While discussing this issue with a colleague, I came across the fact that hashCode() for an enum class is actually the memory address of enum. Since, the memory address of enum will vary on different machines, the hashCode() generated for same key varied on different machines in Hadoop framework and that's why records with same key went to different reducers.

The custom reducer key class looked like as below:

public class Key implements WritableComparable {
 private SomeEnum e;
 private long id;

 private enum SomeEnum {
 ENUM_1, ENUM_2
 }

 @Override
 // Auto-generated code by eclipse IDE
 public int hashCode() {
 final int prime = 31;
 int result = 1;
 result = result * prime + ( (e == null) ? 0 : e.hashCode());
 result = result * prime + (int) (id ^ (id >>> 32));
 return result;
 }

 // other methods ...
}

The hashcode method in enum delegates to Object.hashCode().

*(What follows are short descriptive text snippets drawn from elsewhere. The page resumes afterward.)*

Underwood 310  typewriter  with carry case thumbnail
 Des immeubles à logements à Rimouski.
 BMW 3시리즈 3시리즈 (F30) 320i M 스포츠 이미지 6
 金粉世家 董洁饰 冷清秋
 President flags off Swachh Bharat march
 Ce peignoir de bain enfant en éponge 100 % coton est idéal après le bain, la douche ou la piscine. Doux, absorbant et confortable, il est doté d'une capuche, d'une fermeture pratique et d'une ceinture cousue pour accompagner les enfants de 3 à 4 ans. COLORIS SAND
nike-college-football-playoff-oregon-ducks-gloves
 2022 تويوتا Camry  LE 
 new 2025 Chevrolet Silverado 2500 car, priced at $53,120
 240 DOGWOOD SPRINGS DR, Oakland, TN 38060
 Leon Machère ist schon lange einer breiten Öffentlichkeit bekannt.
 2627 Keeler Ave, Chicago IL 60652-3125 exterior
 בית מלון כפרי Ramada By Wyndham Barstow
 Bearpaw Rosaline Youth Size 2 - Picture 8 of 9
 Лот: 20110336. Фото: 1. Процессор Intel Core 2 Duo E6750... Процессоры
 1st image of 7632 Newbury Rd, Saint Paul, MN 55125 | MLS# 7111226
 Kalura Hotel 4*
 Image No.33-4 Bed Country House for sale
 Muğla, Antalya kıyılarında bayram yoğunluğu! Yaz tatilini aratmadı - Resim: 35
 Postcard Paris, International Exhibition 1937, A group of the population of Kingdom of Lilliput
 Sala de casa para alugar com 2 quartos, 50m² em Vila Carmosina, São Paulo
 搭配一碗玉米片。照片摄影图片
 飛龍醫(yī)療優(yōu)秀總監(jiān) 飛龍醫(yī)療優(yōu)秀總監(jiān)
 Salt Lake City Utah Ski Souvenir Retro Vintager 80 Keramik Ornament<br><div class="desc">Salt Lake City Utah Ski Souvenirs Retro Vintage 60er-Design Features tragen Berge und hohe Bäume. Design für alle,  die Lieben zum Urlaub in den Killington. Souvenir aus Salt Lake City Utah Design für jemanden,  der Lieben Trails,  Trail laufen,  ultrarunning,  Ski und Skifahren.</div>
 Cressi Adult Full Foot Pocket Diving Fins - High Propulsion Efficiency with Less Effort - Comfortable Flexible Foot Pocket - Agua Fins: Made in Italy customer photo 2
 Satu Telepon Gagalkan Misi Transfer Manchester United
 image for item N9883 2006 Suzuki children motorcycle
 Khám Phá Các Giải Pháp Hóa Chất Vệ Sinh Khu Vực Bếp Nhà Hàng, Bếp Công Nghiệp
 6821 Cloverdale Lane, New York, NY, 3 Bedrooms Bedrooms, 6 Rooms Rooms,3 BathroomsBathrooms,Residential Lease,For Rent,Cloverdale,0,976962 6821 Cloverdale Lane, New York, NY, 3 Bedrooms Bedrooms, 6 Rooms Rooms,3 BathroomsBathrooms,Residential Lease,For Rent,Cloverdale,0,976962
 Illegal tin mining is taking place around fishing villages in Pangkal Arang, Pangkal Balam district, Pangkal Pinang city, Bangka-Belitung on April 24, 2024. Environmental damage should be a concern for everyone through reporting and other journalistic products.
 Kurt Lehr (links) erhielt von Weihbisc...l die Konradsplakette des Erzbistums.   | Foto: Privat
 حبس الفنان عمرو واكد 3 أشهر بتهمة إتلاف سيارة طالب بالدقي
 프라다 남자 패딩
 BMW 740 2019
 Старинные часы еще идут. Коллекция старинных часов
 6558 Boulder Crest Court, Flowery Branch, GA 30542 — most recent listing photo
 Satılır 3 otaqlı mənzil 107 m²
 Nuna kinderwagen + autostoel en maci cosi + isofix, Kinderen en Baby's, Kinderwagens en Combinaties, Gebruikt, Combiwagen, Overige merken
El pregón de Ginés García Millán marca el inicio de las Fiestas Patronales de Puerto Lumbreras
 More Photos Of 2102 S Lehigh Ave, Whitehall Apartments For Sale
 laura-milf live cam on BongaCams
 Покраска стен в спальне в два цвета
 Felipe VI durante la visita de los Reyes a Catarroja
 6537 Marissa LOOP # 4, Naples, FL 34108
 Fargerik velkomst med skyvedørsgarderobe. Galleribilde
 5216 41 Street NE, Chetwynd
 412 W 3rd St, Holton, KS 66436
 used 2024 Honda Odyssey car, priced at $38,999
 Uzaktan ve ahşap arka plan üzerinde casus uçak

I wrote a small piece of code to verify the hashCode() behavior and noticed that even on same machine, the hashCode() would differ for same enum if it's run in different JVMs.

public enum EnumTest {
 ENUM_1("1"),
 ENUM_2("2");

 private String s;

 EnumTest(String s) {
 this.s = s;
 }

 public static void main(String[] args) {
 System.out.println("Enum 1 hash " + EnumTest.ENUM_1.hashCode());
 System.out.println("Enum 2 hash " + EnumTest.ENUM_2.hashCode());
 System.out.println("Enum 1 ordinal " + EnumTest.ENUM_1.ordinal());
 System.out.println("Enum 2 ordinal " + EnumTest.ENUM_2.ordinal());
 System.out.println("Enum 1 string hash " + EnumTest.ENUM_1.s.hashCode());
 System.out.println("Enum 2 string hash " + EnumTest.ENUM_2.s.hashCode());
 }
}
------------
Run-1
------------
Enum 1 hash 730401895
Enum 2 hash 848123013
Enum 1 ordinal 0
Enum 2 ordinal 1
Enum 1 string hash 49
Enum 2 string hash 50

-----------
Run-2
-----------
Enum 1 hash 2022437173
Enum 2 hash 730401895
Enum 1 ordinal 0
Enum 2 ordinal 1
Enum 1 string hash 49
Enum 2 string hash 50

Lessons learnt:

  • Don't use enum hashCode() especially for distributed applications.
  • Don't be shy to discuss even small issues with colleagues 🙂
  • Don't blindly trust auto-generated methods and rule them out from being buggy!